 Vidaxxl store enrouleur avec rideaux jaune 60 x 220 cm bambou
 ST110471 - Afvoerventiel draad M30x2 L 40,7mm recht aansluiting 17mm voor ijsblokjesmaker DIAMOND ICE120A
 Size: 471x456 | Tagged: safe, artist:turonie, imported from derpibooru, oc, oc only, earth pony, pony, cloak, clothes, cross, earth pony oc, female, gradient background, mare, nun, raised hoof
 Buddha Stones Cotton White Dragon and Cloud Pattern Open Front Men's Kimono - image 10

==

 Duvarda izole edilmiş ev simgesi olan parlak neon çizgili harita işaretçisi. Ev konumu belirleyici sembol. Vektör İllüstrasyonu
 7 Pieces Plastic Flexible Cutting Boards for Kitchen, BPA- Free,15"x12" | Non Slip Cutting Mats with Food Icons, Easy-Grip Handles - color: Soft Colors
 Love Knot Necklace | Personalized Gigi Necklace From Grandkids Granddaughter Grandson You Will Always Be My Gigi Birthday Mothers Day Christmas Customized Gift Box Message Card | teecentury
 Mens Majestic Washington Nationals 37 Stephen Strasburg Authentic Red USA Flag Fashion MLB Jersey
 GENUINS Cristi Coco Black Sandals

§ PROMPT
Give back the records above exactly, limited to the lines between the one holding "Love Knot Necklace" and the one holding "GENUINS Cristi Coco Black Sandals", inclusive.

§ RESPONSE AREA
 Love Knot Necklace | Personalized Gigi Necklace From Grandkids Granddaughter Grandson You Will Always Be My Gigi Birthday Mothers Day Christmas Customized Gift Box Message Card | teecentury
 Mens Majestic Washington Nationals 37 Stephen Strasburg Authentic Red USA Flag Fashion MLB Jersey
 GENUINS Cristi Coco Black Sandals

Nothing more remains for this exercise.